--- DESCRIPTION OF THE TASK ---
Make an exact copy, from the records below, of the lines from the line containing "a kitchen with" to the line containing "Young professional working", both lines included, excluding pictures.
****
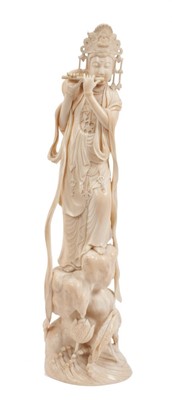 Lot 764 - Fine quality Indo-Chinese carved ivory Krishna figure, depicted playing a flute on naturalistic rocky base, 30cm high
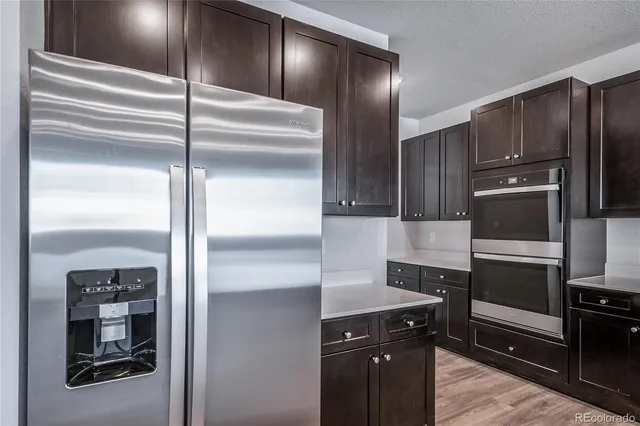 a kitchen with a refrigerator and a refrigerator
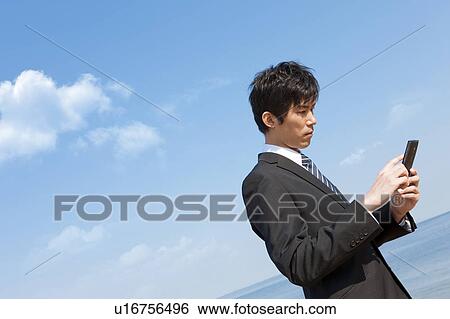 Stock Photograph - Businessman holding a cell phone. Fotosearch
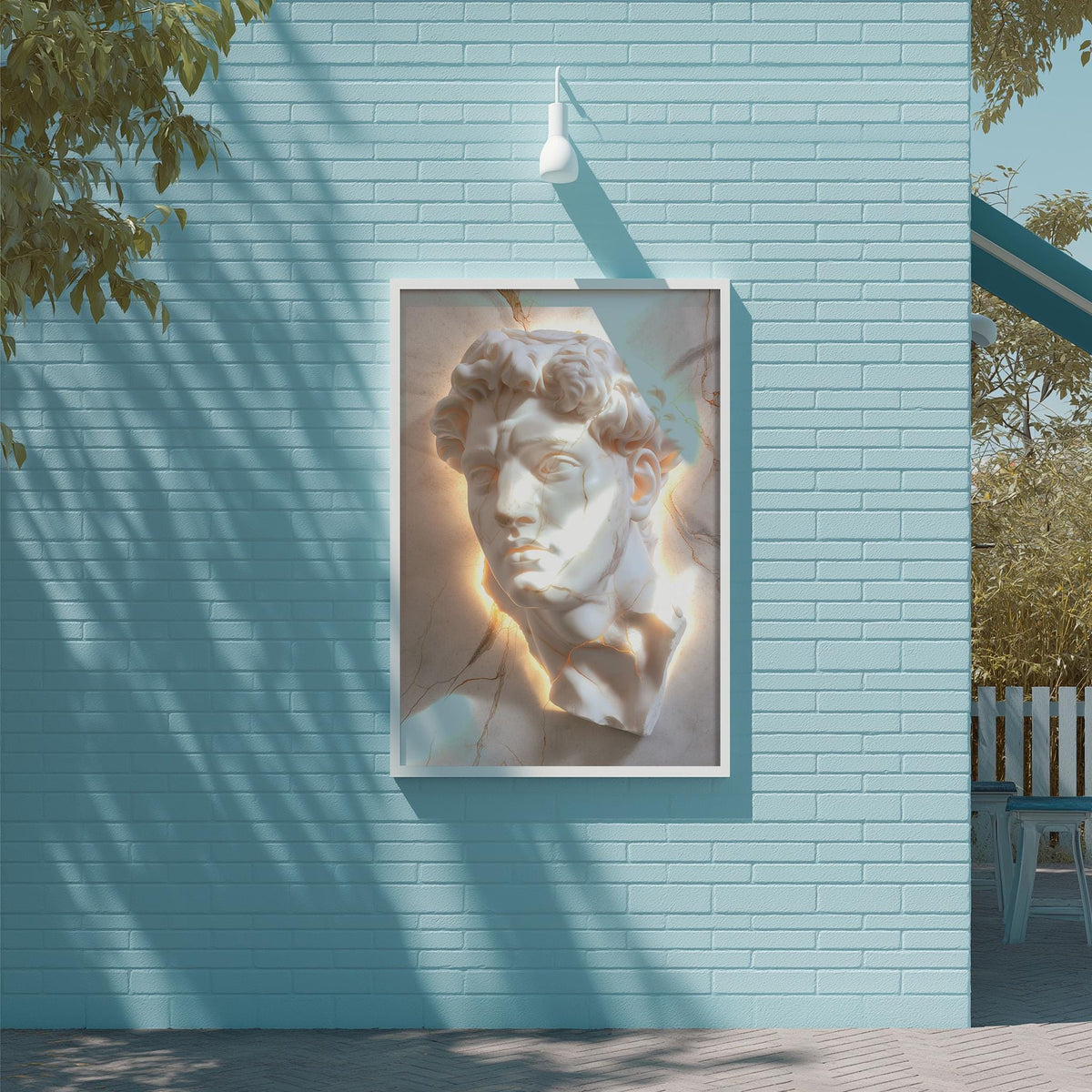 a large white sculpture of a man's head mounted on a blue brick wall.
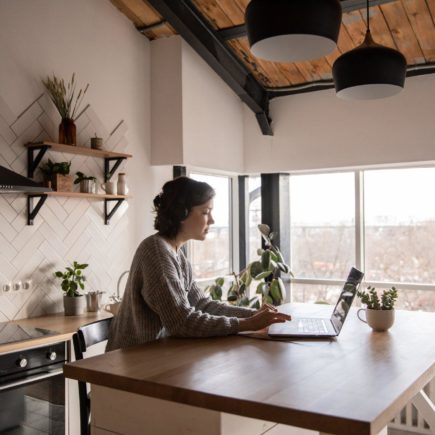 Young professional working from their kitchen table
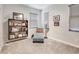 Well-lit bedroom with a cozy chaise lounge and large bookshelf, perfect for relaxing and reading at 2412 W Gloria Ln, Phoenix, AZ 85085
****
--- RESULT OF THIS EXERCISE ---
 a kitchen with a refrigerator and a refrigerator
 Stock Photograph - Businessman holding a cell phone. Fotosearch
 a large white sculpture of a man's head mounted on a blue brick wall.
 Young professional working from their kitchen table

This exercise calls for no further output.